Luke’s tale of shipwreck in Acts 27 doesn’t give it the full Hollywood treatment. The description of the disaster itself is detailed, but we don’t get to read the backstories of the characters involved. That’s simply not the story he wants to tell.
Still, one thing is obvious: the sailors aboard that ship weren’t the heroes of anybody’s story.
Paul and his shipmates were aboard an Alexandrian cargo vessel, heading to Rome with a shipment of wheat. With the ship being battered by a freak storm, the crew could do nothing but let the vessel be driven along by the wind and waves. They neither ate nor saw the sky for two weeks, until finally, after a sickening journey of nearly 500 miles, they came near land. The water was getting shallower, quickly, while the high winds shoved them from behind. The crew feared that the boat would be driven into the rocks.
Cue the panicked selfishness.
It was still night. Under cover of darkness, the sailors lowered the lifeboat into the sea, hoping to escape and save their own necks. But somehow, they were caught. They tried to lie their way out of trouble, saying they were just going down to lay anchors from the bow (four anchors had already been dropped earlier from the stern).
But Paul wasn’t buying it.
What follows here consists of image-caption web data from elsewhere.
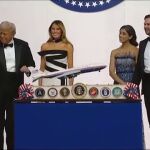 El presidente de EEUU deleita a sus seguidores moviendo sus brazos al ritmo de 'Y.M.C.A', espada en mano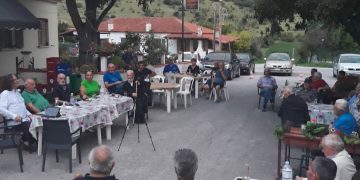 “Τα παράπονα στο Δήμαρχο”: Μεγάλη συμμετοχή, άψογη φιλοξενία και πάνω από όλα αξιοπρέπεια, στην τήρηση της διαδικασίας, που αποτελεί οδηγό στις δημόσιες συγκεντρώσεις αναδείχθηκαν χθες βράδυ στις Γούλες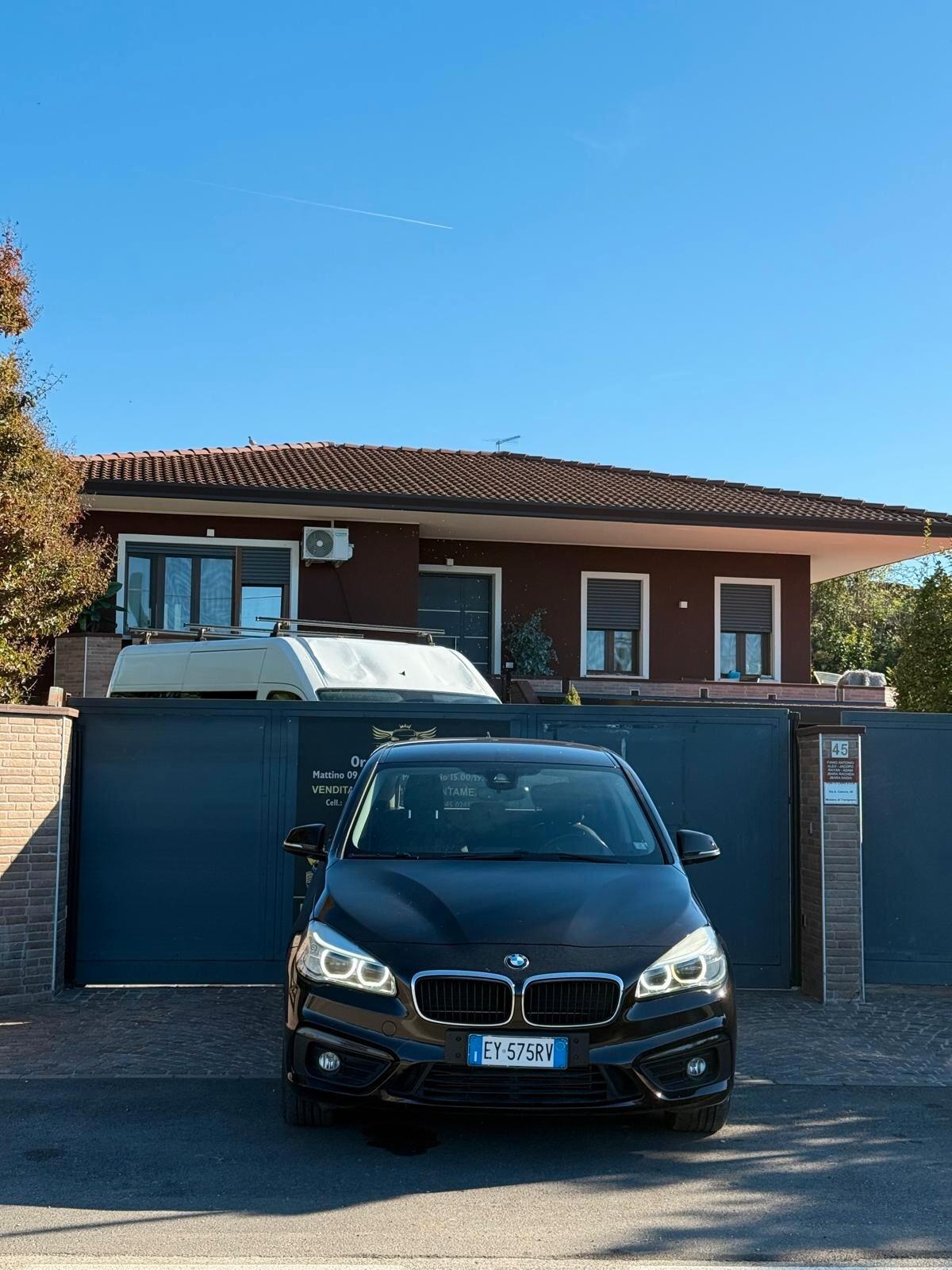 Bmw 218 Active Tourer Luxury auto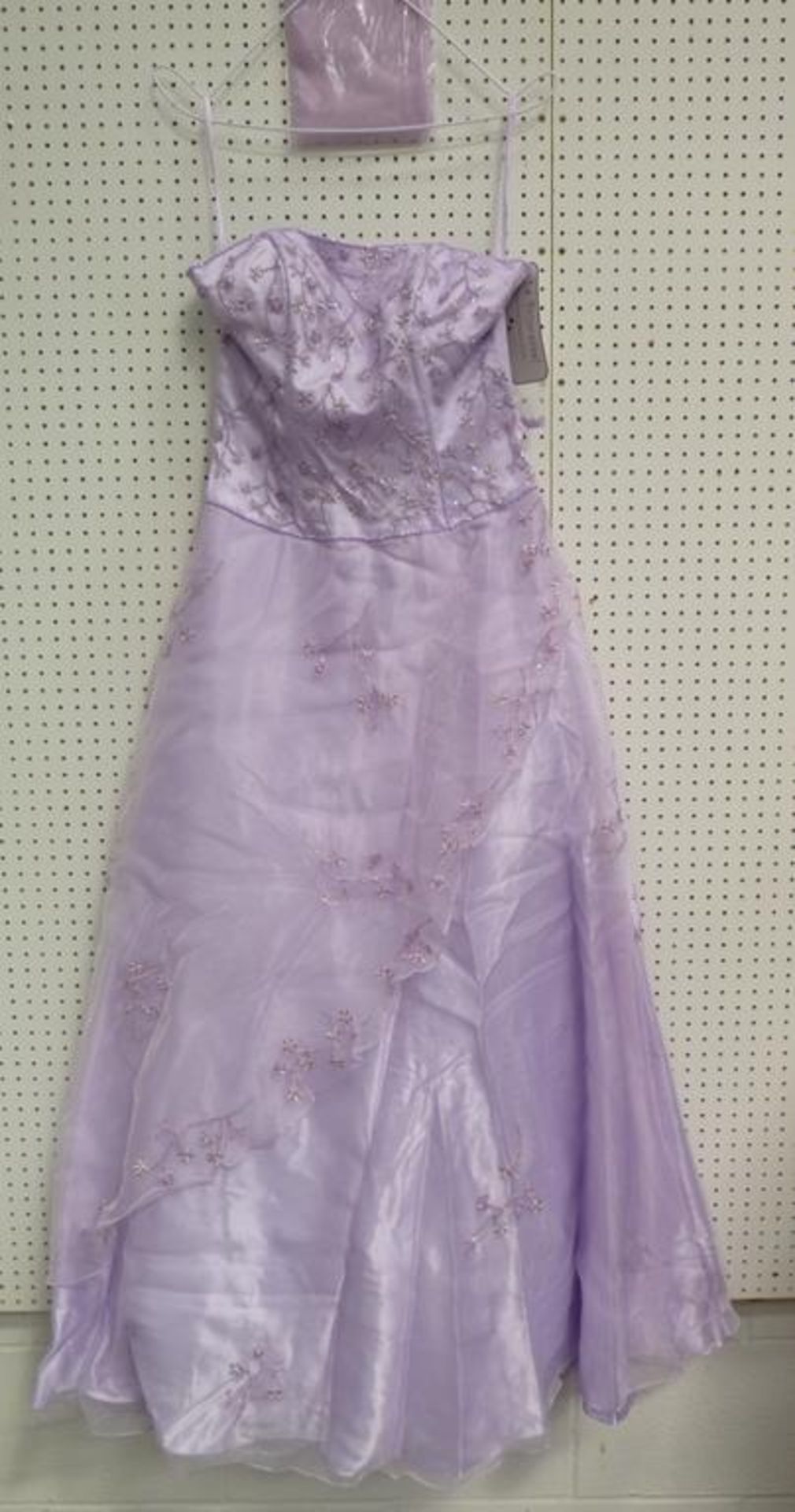 50 Dresses to include: La Princesse 24052, Pink Prom Dresses, sizes 4 x 16, 6 x 18 (10), Princess - Image 17 of 18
He turned to the centurion and his soldiers and said “Unless these men stay in the ship, you cannot be saved” (Acts 27:31, NRSV). This was not necessarily a prophetic pronouncement on Paul’s part, just a seaworthy bit of common sense: Julius, we won’t be able to save the people on this ship without the crew’s help.
The centurion, by this point, knew better than doubt Paul. Had he listened to Paul’s advice earlier and stayed the winter in Fair Havens, they wouldn’t have been in the predicament they were now. He ordered the soldiers to cut the ropes holding the dinghy and set it adrift.
Now, nobody could escape. They were all in it together, sink or swim.
Literally.
In those long and grueling storm-tossed days, the sailors had probably given up hope of being rescued. And now that the possibility of making land had appeared out of nowhere, the reaction wasn’t, “Hooray! We just might make it yet!” It wasn’t, “Let’s work together to survive this thing.” It was every man for himself: The lifeboat’s our best bet, and there isn’t enough room for everybody. Hey, you snooze, you lose.
So here’s a picture of radical grace for you. As Paul had told the crew earlier, an angel of the Lord had appeared to tell him, “God has granted safety to all those who are sailing with you” (Acts 27:24).
They would all be rescued. They would all reach safety.
Even the ones who were willing to sacrifice others to save themselves.